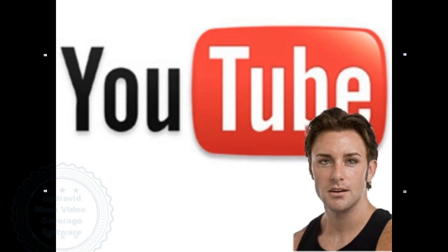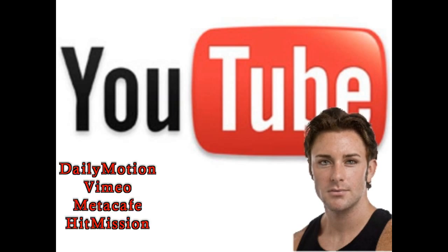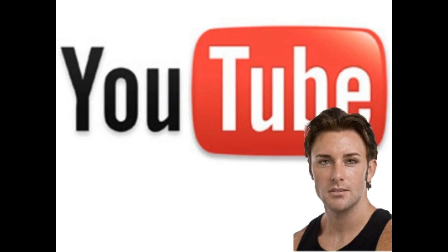One video uploaded to YouTube is good, but what about maxing it out — optimizing videos for every keyword, uploading across multiple channels, and not just YouTube, but also other great video sites: Dailymotion, Vimeo, Metacafe, HitMission — all with one click software.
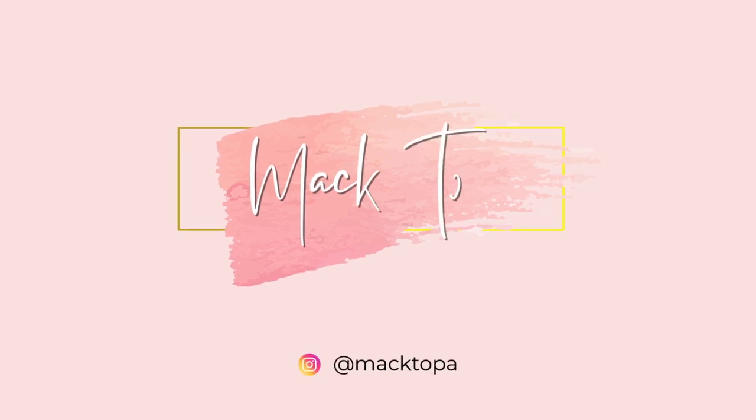I wasn't even planning on filming at all today — I just got back from a workout, I'm sweaty and gross. But I just got packages in the mail that I've been waiting three solid months for. They're supposedly the best lululemon dupes, so I wanted to test them out myself. I don't even remember what I got, so let's open them up first and go from there.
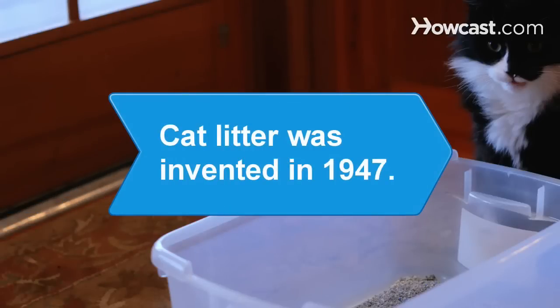Did you know? The first cat litter, called Kitty Litter, was invented in 1947. Before that time, people used sand or ashes in litter boxes.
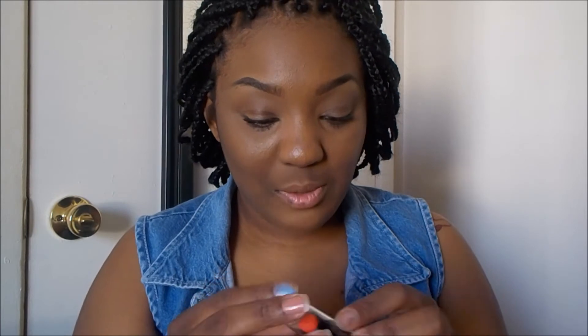Let's open the next color — it's called What's Up Doc?, number 515D, also by Wet n Wild. This color is so pretty — it's like a reddish orange color. Let's swatch it to see if it's true to color. The other one was true to color — here's that one right there.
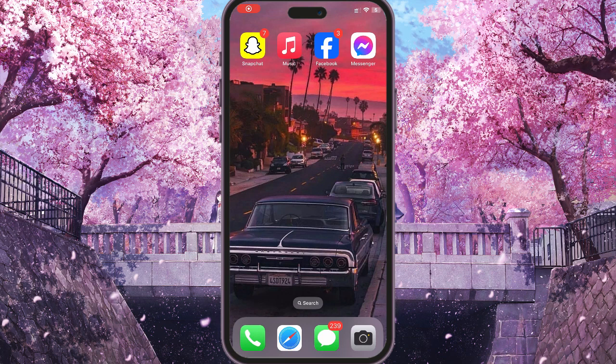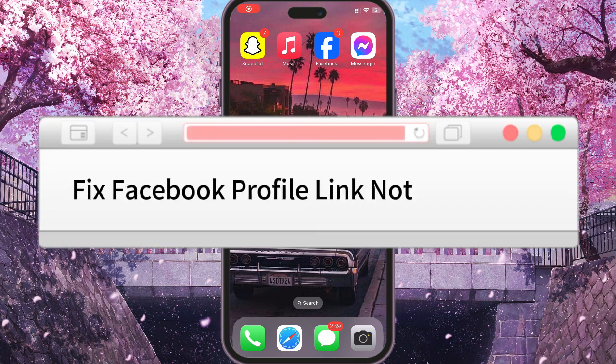Hello, dear friends. In this video, I will show you how to fix the problem when your Facebook profile link is not working.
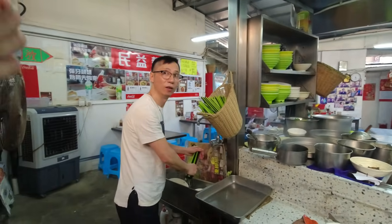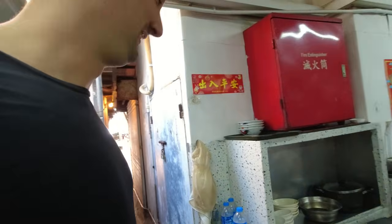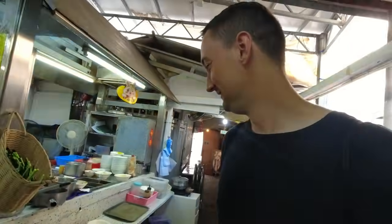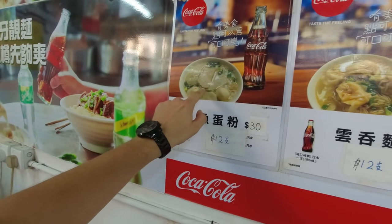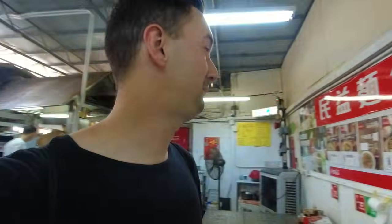I'd like to try the fish ball noodle. The entrance is very interesting — without the help of a local guy I would never have thought there was a restaurant hidden inside here. The fish ball is very popular here in Hong Kong and I always wanted to try it. This place is very nice, hidden inside or behind the market.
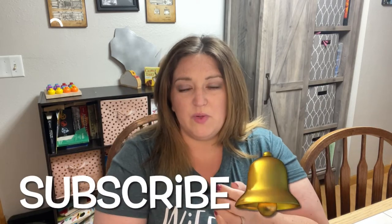Hi everyone, it's Melissa from the M-Word. Welcome back — if you're returning, I really appreciate it. If you are new here, I am a homeschooling mom of three kiddos.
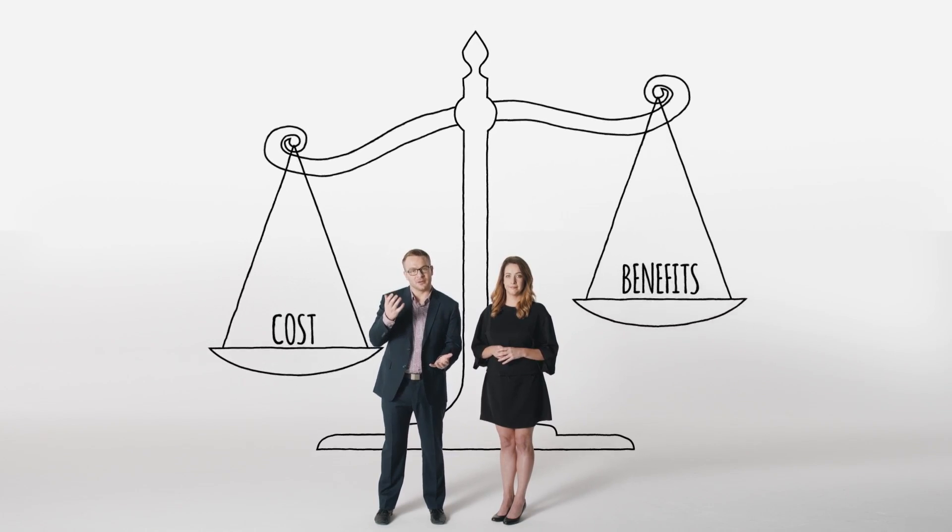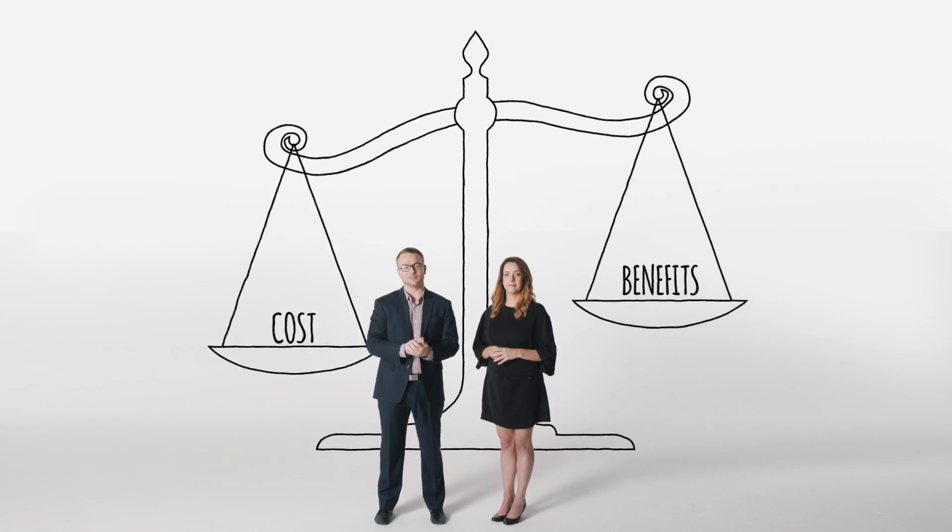When you consider applying for a patent, trademark or design registration, it's important to weigh up the costs and benefits of protecting your IP. This video shows you how. You'll also learn a simple technique for knowing how much your IP is worth.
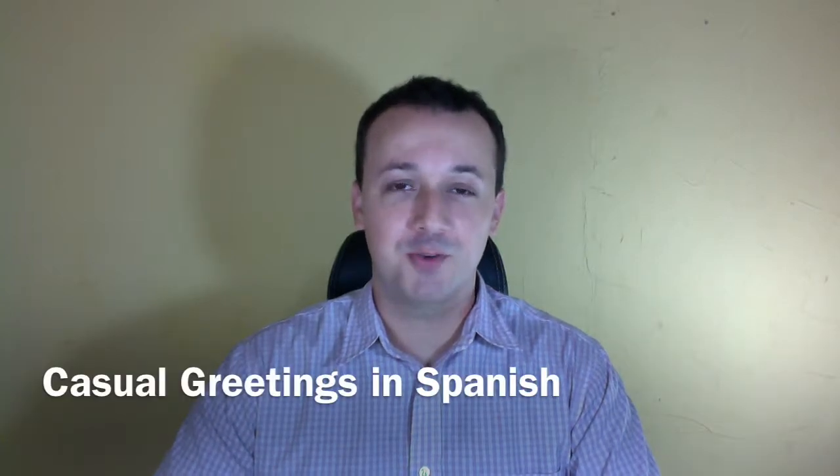Hi! In this short video we will learn a few casual greetings in Spanish. The first one is hello, hola. The next one is excuse me, disculpe.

============================================================

▸ Exercise
Exactly restate the lines from the one holding "I'd like to" to the final line of the records above, including both and excluding pictures.

▸ Output for this task
I'd like to try the fish ball noodle. The entrance is very interesting — without the help of a local guy I would never have thought there was a restaurant hidden inside here. The fish ball is very popular here in Hong Kong and I always wanted to try it. This place is very nice, hidden inside or behind the market.
Hi everyone, it's Melissa from the M-Word. Welcome back — if you're returning, I really appreciate it. If you are new here, I am a homeschooling mom of three kiddos.
When you consider applying for a patent, trademark or design registration, it's important to weigh up the costs and benefits of protecting your IP. This video shows you how. You'll also learn a simple technique for knowing how much your IP is worth.
Hi! In this short video we will learn a few casual greetings in Spanish. The first one is hello, hola. The next one is excuse me, disculpe.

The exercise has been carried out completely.